Si parte con il giornalista e il saggista Filippo La Porta che farà una relazione dal titolo ‘Una città sempre meno ‘pubblica’, sempre meno condivisa e meno identitaria’, poi toccherà al professore associato di Estimo del dipartimento di Architettura di Firenze Fabrizio Battisti (il titolo del suo intervento è “Come il pubblico può tornare a essere ‘costruttore’ della città?”), alla ricercatrice Irpet Chiara Agnoletti (“Le politiche abitative del Comune di Firenze: un quadro della situazione negli ultimi trent’anni”). Il caso studio di Roma sarà al centro dell’intervento del professore ordinario di urbanistica alla Sapienza Carlo Cellamare (“Processi e pratiche urbane, un esempio a Roma: la partecipazione come fine, come processo sociale, politico e culturale”). A proposito delle esperienze fiorentine l’architetto e funzionario Mario Pittalis parlerà del recupero del carcere delle Murate, mentre l’assessora all’urbanistica del Comune di Firenze Caterina Biti parlerà del recupero dell’area dell’ex caserma Lupi di Toscana.
L’evento è valido per il rilascio di 3 Cfp per architetti.
“Al di là delle polemiche e delle scelte urbanistiche che hanno prodotto un confronto sempre più serrato tra amministrazione e vari comitati, come Ordine degli Architetti abbiamo deciso di fare un punto sugli indirizzi urbanistici e sulle prospettive a difesa della città pubblica – afferma Silvia Ricceri, presidente dell’Ordine degli Architetti di Firenze -. Il convegno dell’11 febbraio è un primo punto di riflessione e di rilancio di temi da affrontare. Senza pregiudizi, ma con nuove visioni ed esperienze positive maturate”.

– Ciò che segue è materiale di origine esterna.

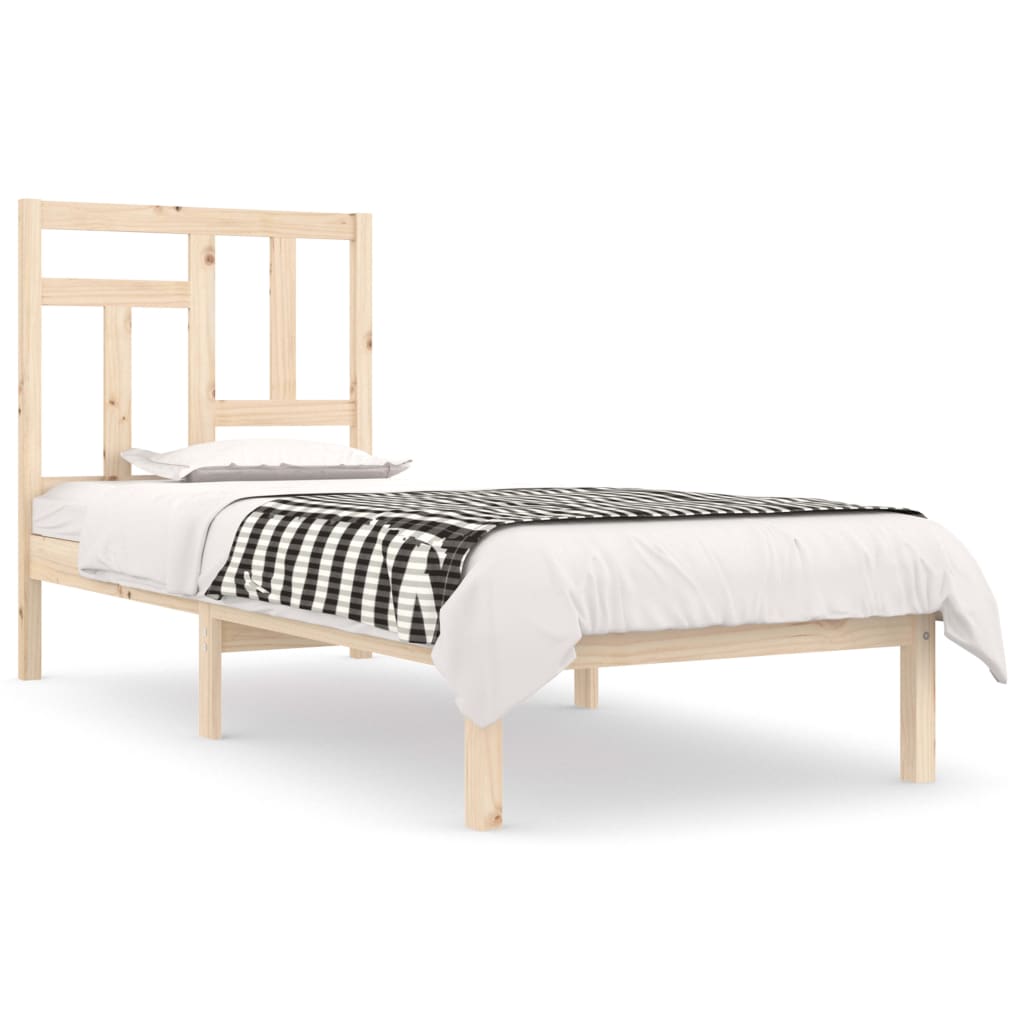 Bed Frame Solid Wood Pine 92x187 cm Single Size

“Il dibattito cittadino in corso in questi mesi a Firenze sui temi urbanistici, e sull’idea di quale città vogliamo per il futuro di tutti noi, sta dando vita ad un dibattito stimolante e al di là delle apparenze costruttivo – dice l’assessora all’Urbanistica Caterina Biti –. In questo contesto il tema della città pubblica è quanto mai puntuale, dal momento che lo stesso concetto di città, almeno per la nostra cultura, ha in sé l’idea del luogo dell’incontro che annulla le distanze e in cui le persone si eguagliano. Questa idea di città pubblica può essere la più importante tra le basi che accomuna tutte le voci in campo in questo momento: tante anime di Firenze che esprimono i propri punti di vista, a volte anche molto lontani, con l’obiettivo condiviso del bene collettivo. Sta al Comune di Firenze, con il ruolo che lo contraddistingue, trovare la sintesi migliore per politiche che tengano assieme le esigenze di chi in città ci vive, ci lavora, la visita. Ringrazio l’Ordine degli Architetti per questo importante momento di discussione e per il tema scelto, quanto mai puntuale e attinente, e per il patrimonio di competenze che dà sempre un importante contributo ai temi che interessano le trasformazioni della città”.